Here is inference class

In [1]:
import torch
import skimage.io
import cv2 as cv
import os
import timm
import numpy as np

import albumentations as A
from albumentations.pytorch import ToTensor
from torch.utils.data import DataLoader

device = torch.device('cuda' if torch.cuda.is_available() else 'cpu')


class Inference:
    CLASSES = ['dislike', 'like', 'mute', 'no_gesture', 'ok', 'stop', 'victory']
    NO_GESTURE_IDX = CLASSES.index('no_gesture')

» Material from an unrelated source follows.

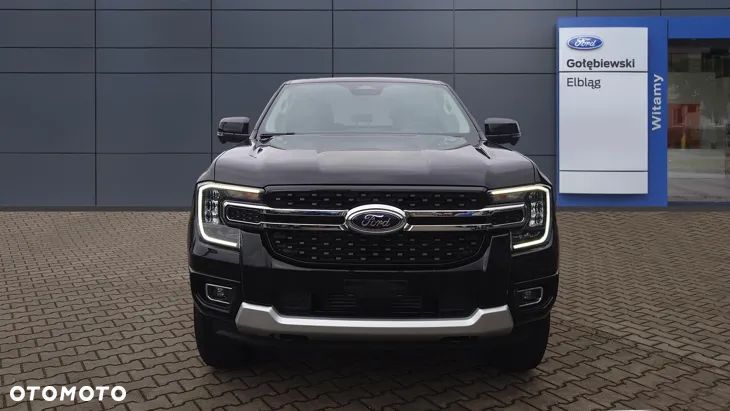 Ford Ranger 2.0 EcoBlue Bi-Turbo 4x4 DC Limited - 2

    clf_transform = A.Compose([
        A.Resize(224, 224),
        A.Normalize(mean=(0.485, 0.456, 0.406), std=(0.229, 0.224, 0.225)),
        ToTensor()
    ])

    def __init__(self, hand_conf=0.3):
        '''
        hand_conf: confidence threshold for hand detection
        '''
        self.yolo = self.load_yolo(os.environ['HAND_MODEL'])
        self.clf = self.load_clf(os.environ['GESTURE_MODEL'])
        self.CONF = hand_conf

    @staticmethod
    def load_yolo(yolo_path):
        return torch.hub.load('ultralytics/yolov5', 'custom', path=yolo_path, force_reload=True)

    @staticmethod
    def load_clf(clf_path):
        clf = timm.create_model('tf_efficientnetv2_m_in21ft1k', pretrained=False, num_classes=7)
        state_dict = torch.load(clf_path, map_location=device)
        clf.load_state_dict(state_dict)
        clf.to(device)
        return clf
    
    @torch.no_grad()
    def clf_predict(self, dataloader):
        preds = []
        for x in dataloader:
            preds.extend(self.clf(x.cuda()).softmax(1).cpu().tolist())
        return preds

    def __call__(self, img_path):
        '''
        Predicts gesture on the image with path `img_path`
        '''
        imgs_paths = [img_path]
        results = self.yolo(imgs_paths)
        # extract and filter bboxes by confidence
        bboxes = [list(map(int, xyxy)) 
            for *xyxy, conf, cls in results.xyxy[0].cpu().numpy() 
                if conf > self.CONF]

        if not bboxes:
            return 'no gesture'

        img = skimage.io.imread(img_path)
        height, width = img.shape[:2]

        # expand bboxes
        expanded_bboxes = [self.expand_box(bbox, height, width) for bbox in bboxes]
        # get crops from the image
        crops = [img[y0:y1, x0:x1] for x0, y0, x1, y1 in expanded_bboxes]
        # transform crops to tensors
        tensors = [self.clf_transform(image=crop)['image'] for crop in crops]
        dl = DataLoader(tensors, batch_size=16)
        # get predictions from gesture classifier
        preds = self.clf_predict(dl)
        
        # filter `no gesture` class
        preds = [pred for pred in preds if np.argmax(pred) != self.NO_GESTURE_IDX]
        if not preds:
            return 'no gesture'

        # get gesture class index with the highest probability
        cls_idx = np.argmax(preds) % len(self.CLASSES)
        return self.CLASSES[cls_idx]

    @staticmethod
    def expand_box(xyxy, height, width, n=2.5):
        x0, y0, x1, y1 = xyxy
        deltaX = (x1 - x0) / n
        deltaY = (y1 - y0) / n
        x0 = np.clip(x0-deltaX, 0, None)
        x1 = np.clip(x1+deltaX, None, width)
        y0 = np.clip(y0-deltaY, 0, None)
        y1 = np.clip(y1+deltaY, None, height)
        return list(map(int, (x0, y0, x1, y1)))

In [7]:
import matplotlib.pyplot as plt
%matplotlib inline
plt.rcParams['figure.figsize'] = (8, 8)
plt.style.use('dark_background')

def show(img):
    plt.imshow(img)
    plt.grid()
    plt.axis('off')
    plt.show()

def read(path):
    return skimage.io.imread(path)

In [5]:
inference = Inference()

Downloading: "https://github.com/ultralytics/yolov5/archive/master.zip" to /root/.cache/torch/hub/master.zip
YOLOv5 🚀 2021-7-27 torch 1.9.0+cu102 CUDA:0 (Tesla P100-PCIE-16GB, 16280.875MB)

Fusing layers... 
Model Summary: 476 layers, 87198694 parameters, 0 gradients
Adding AutoShape... 


In [None]:
img_path = 'example.jpg'
cls_name = inference(img_path)

plt.title(cls_name)
show(read(img_path))

Great! Thank you for viewing my solution. I hope this was useful for you. Bye!